About Uterine Polyps

Uterine polyps are protrusions of tissue that grow on the uterine lining (endometrium). Polyps form when the same kind of cells as the lining itself start growing abnormally. They can range in size from a few centimeters (the size of a small seed) up to the size of a golf ball. Over time, they can become fragile and bleed.

If your doctor determines that you have polyps located inside your uterus (endometrial polyps), you may be a good candidate for the MyoSure procedure. Your doctor will evaluate your specific requirements based on the size and location of your polyp(s).  

How do I know if I have uterine polyps?
 
Fortunately, there are several procedures available that your doctor can use to determine if you have uterine polyps. These include: 
 

HysteroscopyYour doctor may perform a procedure called a hysteroscopy to diagnose and treat your uterine polyps. In a hysteroscopy, he or she inserts a thin, flexible, lighted telescope (hysteroscope) through your vagina and cervix into your uterus. Hysteroscopy allows your doctor to examine the inside of your uterus and remove any polyps that are found. This eliminates the need for a follow-up procedure.

Transvaginal ultrasound: Ultrasound uses high frequency sound waves to generate images. To perform the test, your doctor or a technician will place an ultrasound probe—a slender, wand-like device—into your vagina. It sends out sound waves to create an image of your uterus, including its interior.
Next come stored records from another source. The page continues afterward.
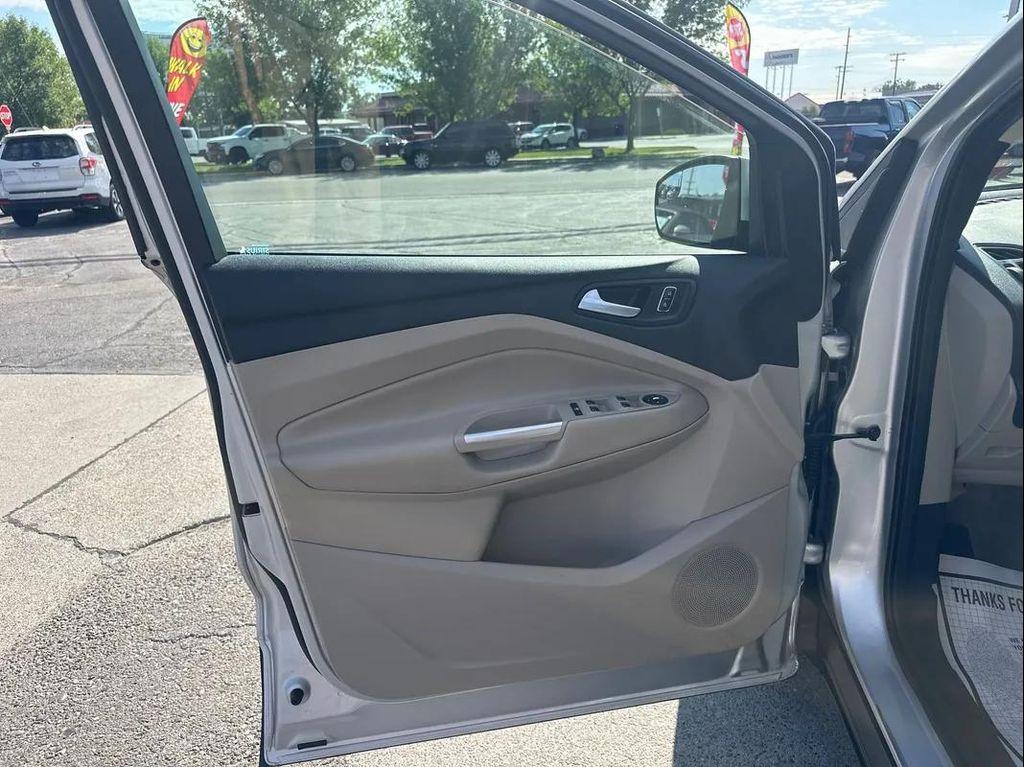 used 2015 Ford Escape car, priced at $11,977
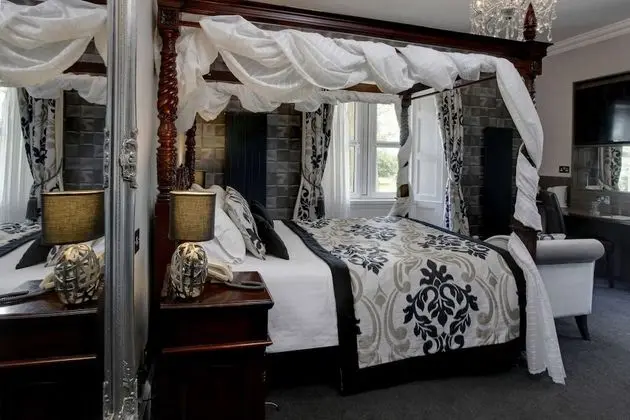 Standard Oda, 1 En Büyük (King) Boy Yatak, Sigara İçilmez (Four Poster Bed)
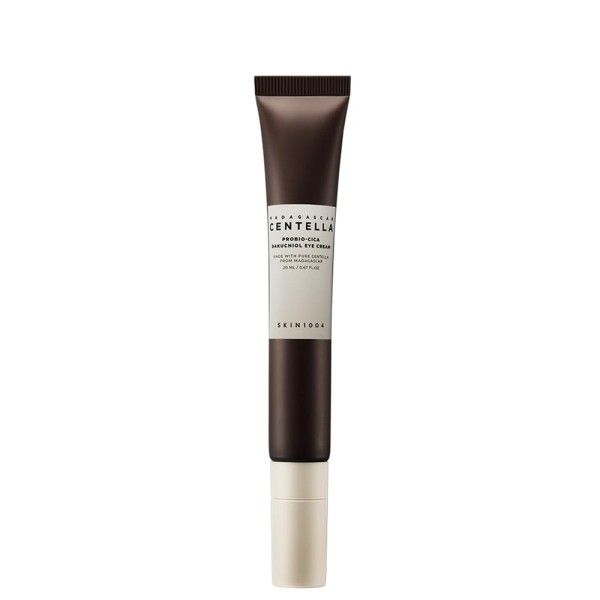 Dunkelbraune Tube mit weißem Aufsatz, SKIN1004 Centella Probio-Cica Bakuchiol Eye Cream.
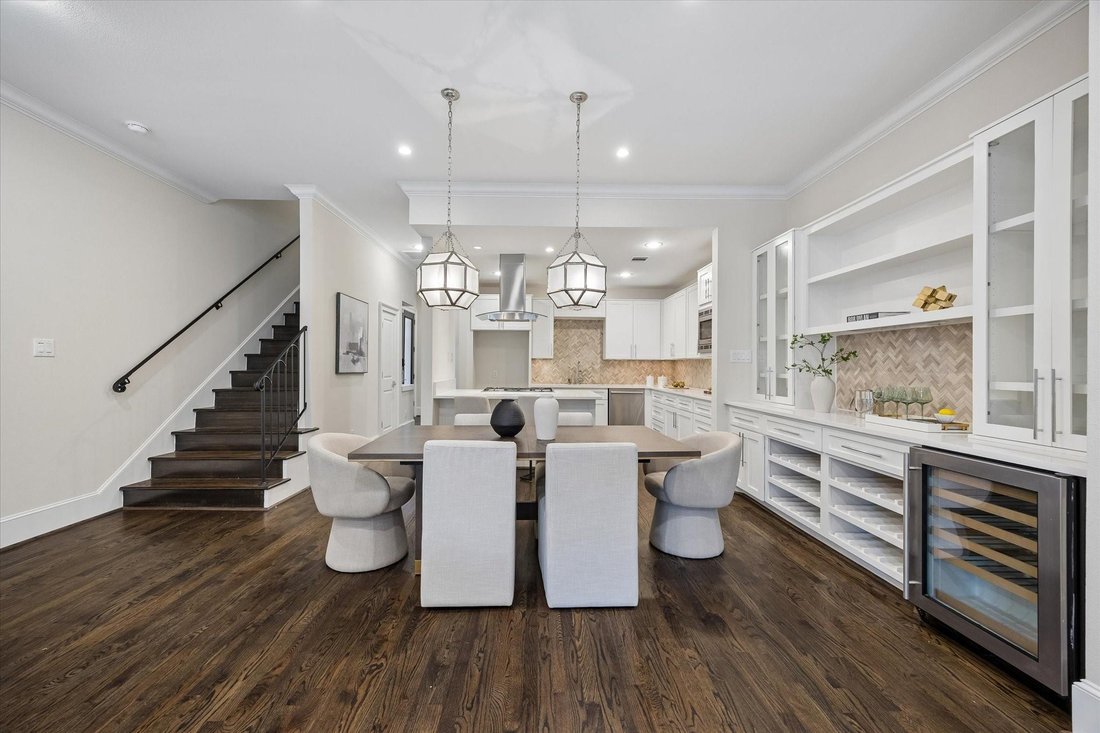 House in Houston, Texas, United States 3 - 18275037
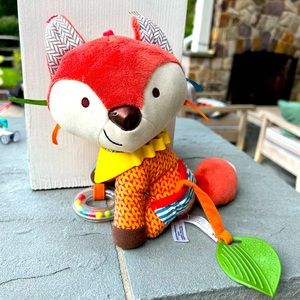 Skip Hop Bandana Buddies Stroller & Teething Fox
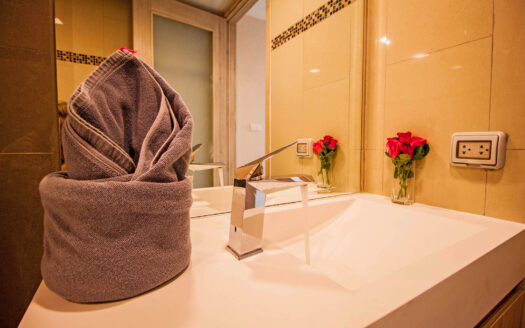 Luxusní byt 200m od pláže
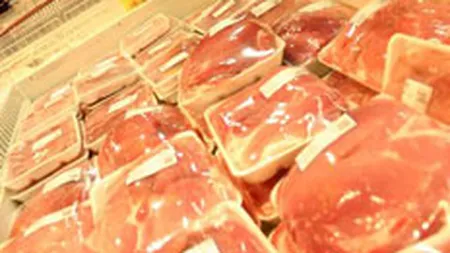 Piata carnii, sub impactul saraciei: Exportam delicatese, mancam sorici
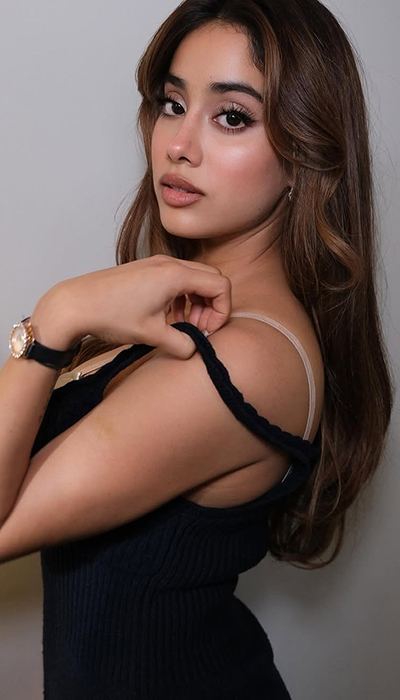 Janhvi Kapoor Unleashes Her Inner Temptress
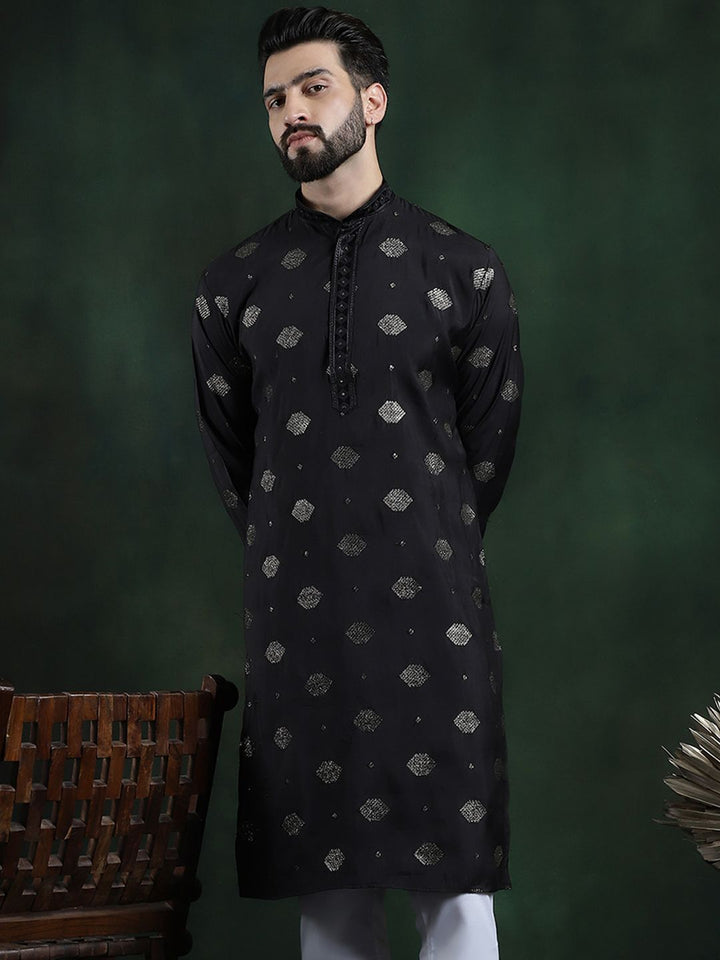 SOJANYA Ethnic Motifs Embroidered Mandarin Collar Sequinned Straight Kurta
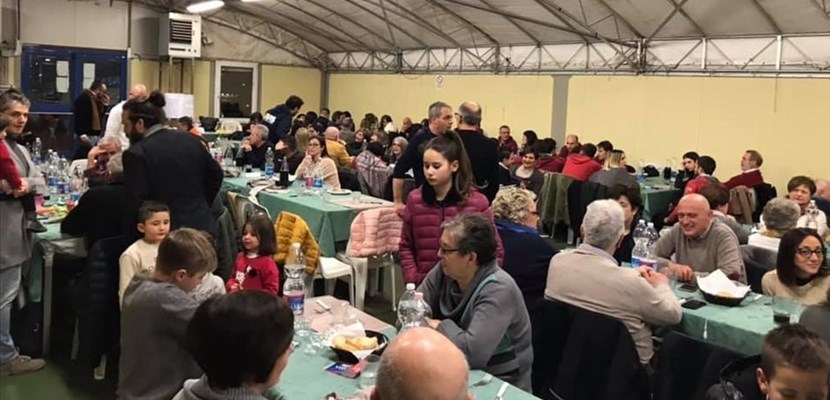 Un momento della cena al Foro Boario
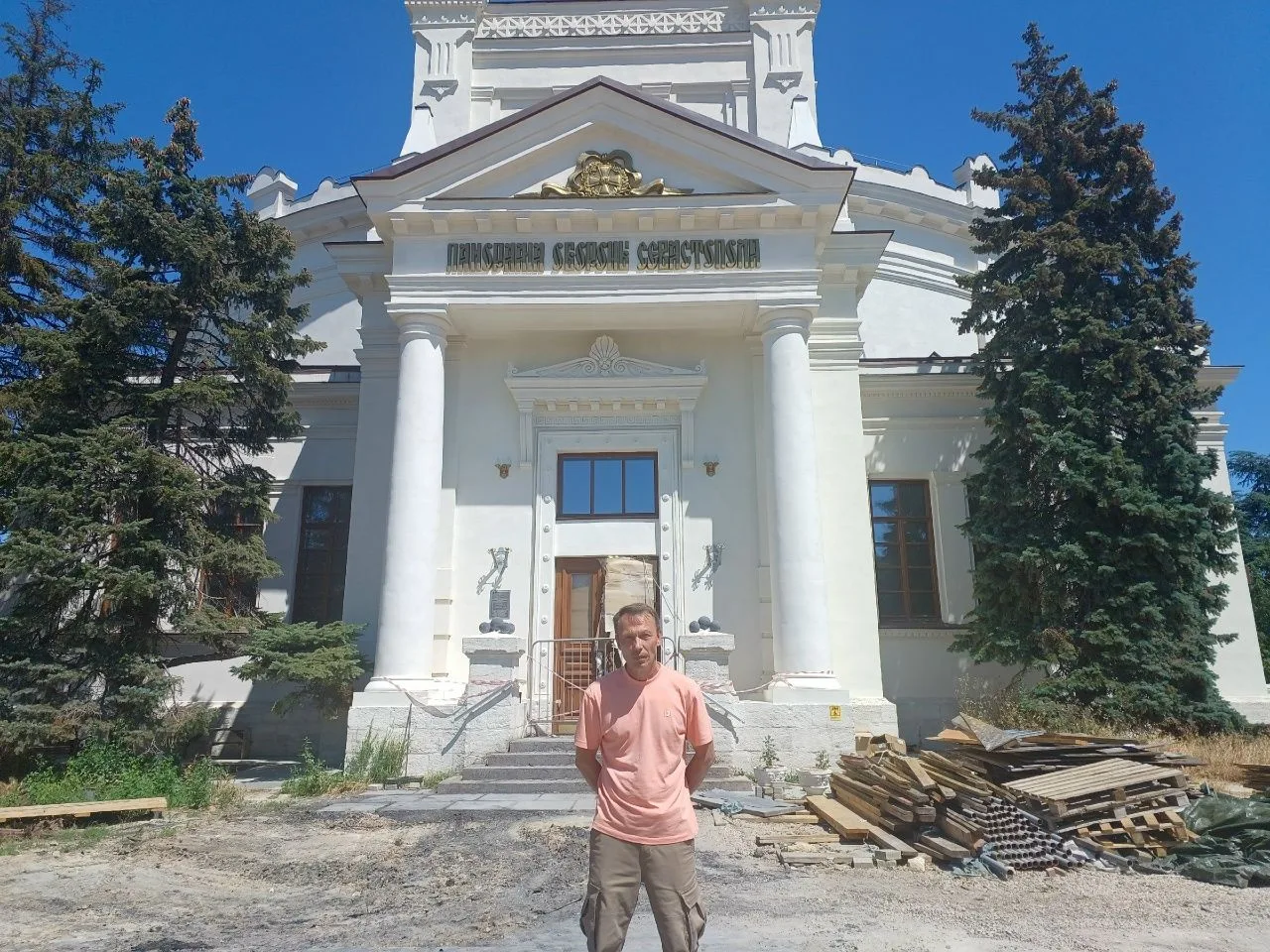 ГЕРОИ В ЛИЦАХ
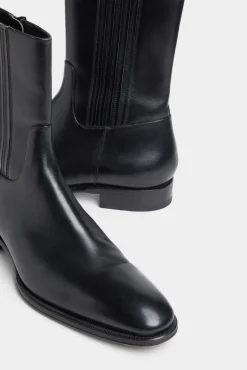 D2 Classic Flat Ankle Boot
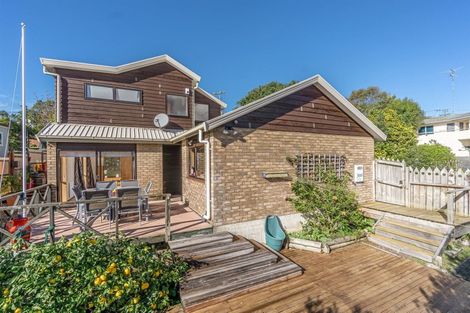 Photo of property in 1 Tiri View Place, Waiake, Auckland, 0630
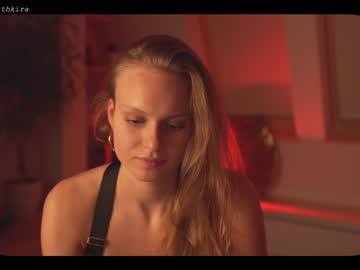 local cam girl chillwithkira image #1210192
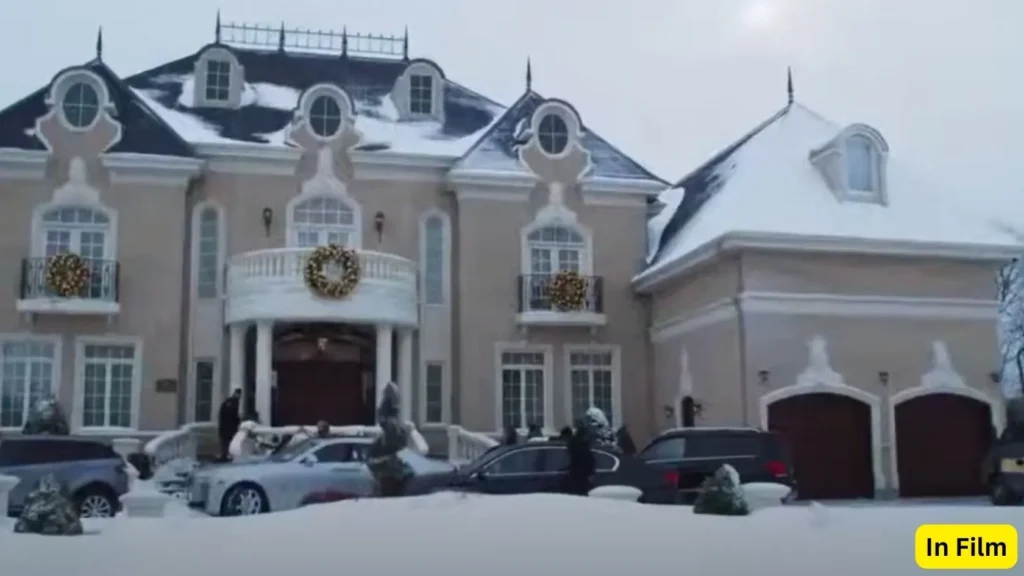 Bad Santa 2 Filming Locations Waterfront Mansion In Quebec, Canada (2)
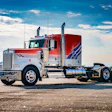 The commemorative paint scheme pays tribute to the mid-'90s 'TourAmerica' T600 paint scheme to celebrate America's 250th birthday. The availability of the paint scheme on the W900L could serve as an opportunity for owners to get one of the last of the models in the special paint scheme.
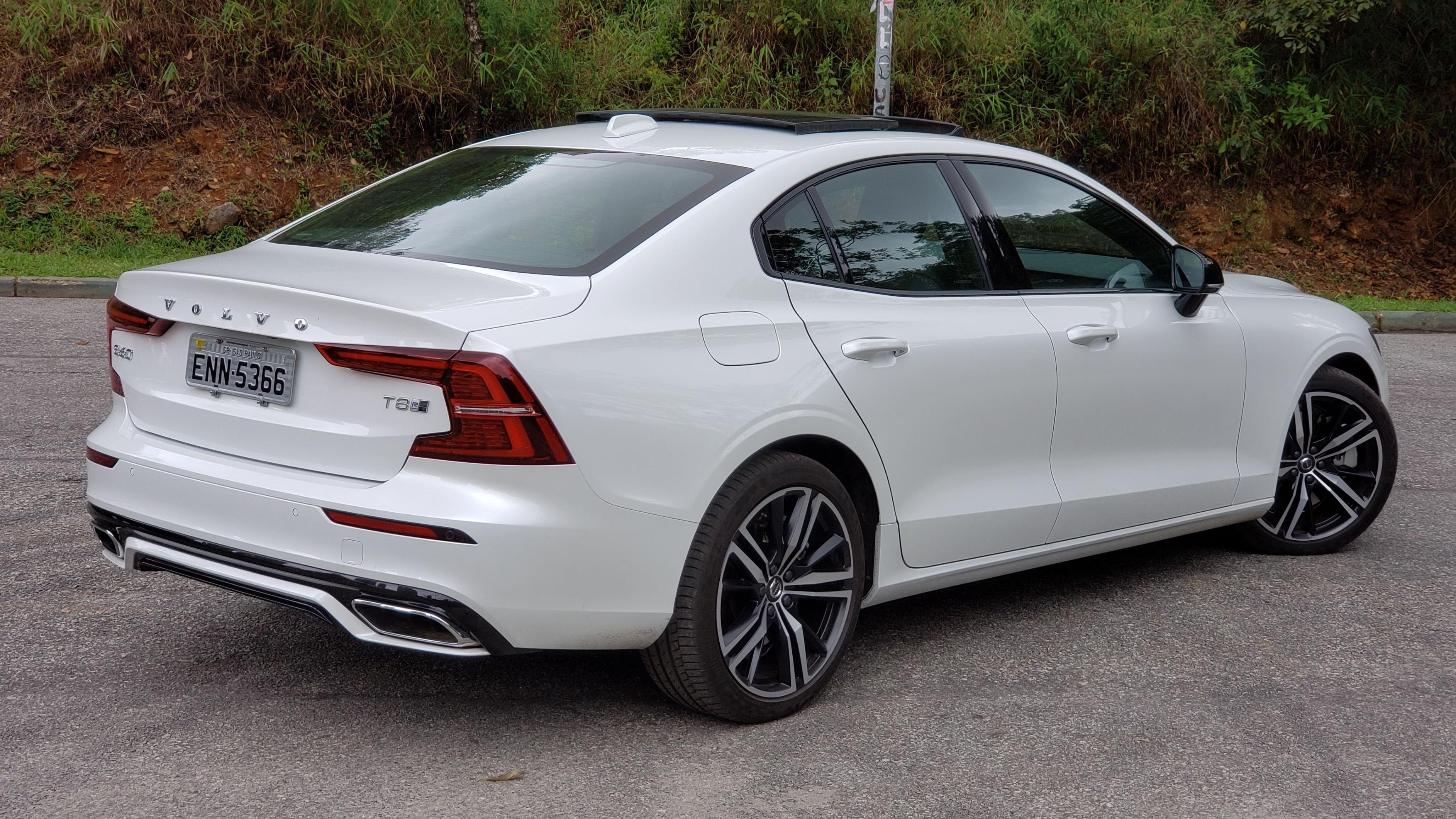 Volvo s60 deals t8 r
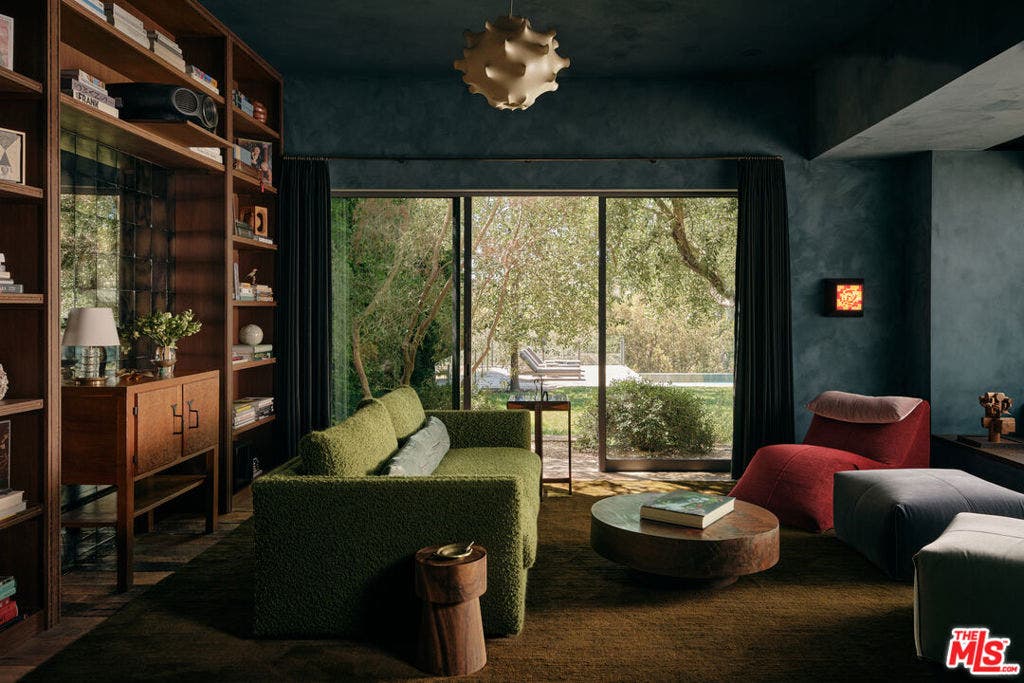 621 N Bonhill Road, Los Angeles, CA 90049 621 N Bonhill Road, Los Angeles, CA 90049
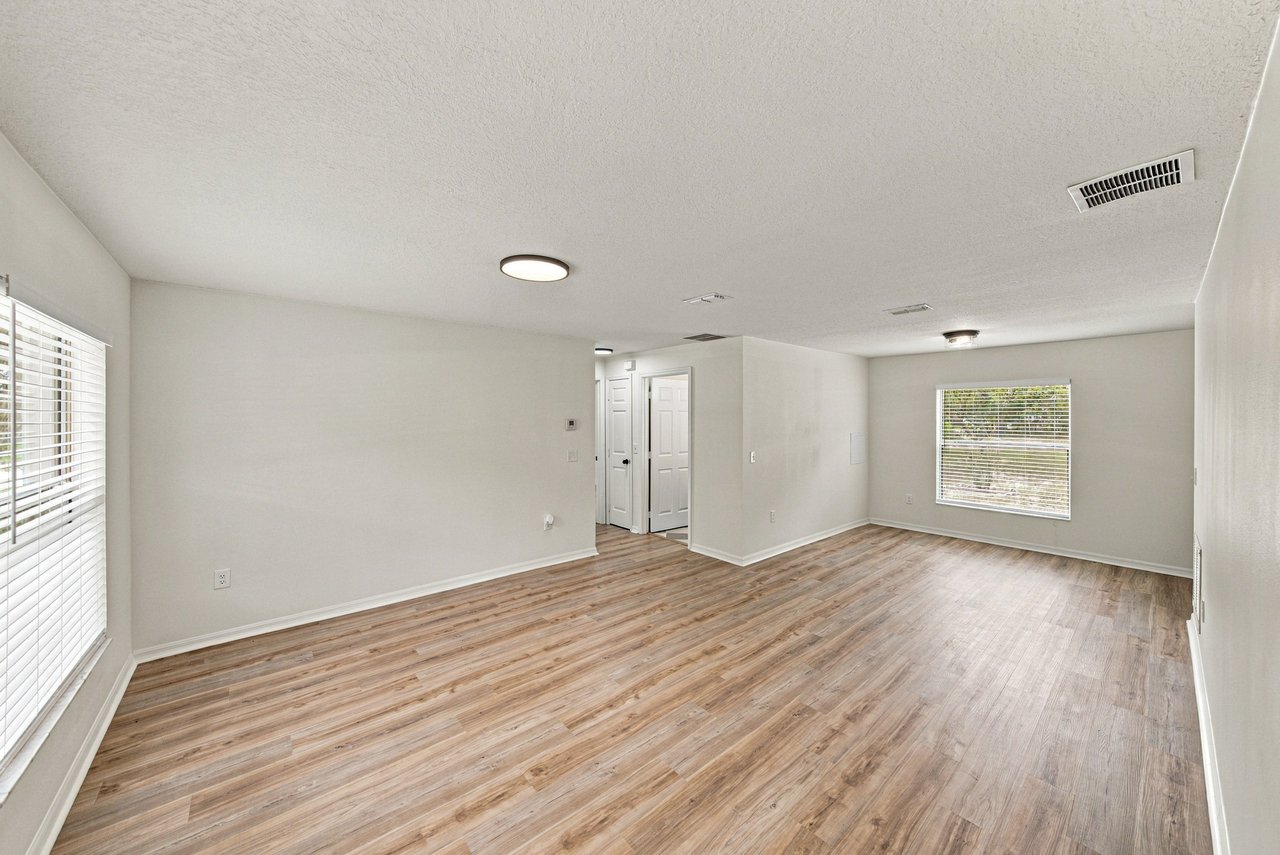 760 NW 52ND AVE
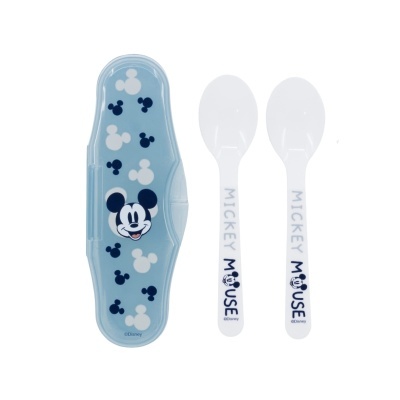 Conjunto com estojo azul e duas colheres brancas com texto MICKEY MOUSE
HysterosonographyYour doctor injects salt water (saline) into your uterus through a small tube (catheter) threaded through your vagina and cervix. The saline expands your uterine cavity, giving your doctor a clearer view of the inside of your uterus.

 

What causes uterine polyps and how common are they?

There is no definitive cause of uterine polyps, but like fibroids, hormonal factors appear to play a role. Specifically, it is believed that uterine polyps are estrogen-sensitive. That simply means that they react to hormones just the same way the lining of your uterus (endometrium) does, growing in response to circulating estrogen.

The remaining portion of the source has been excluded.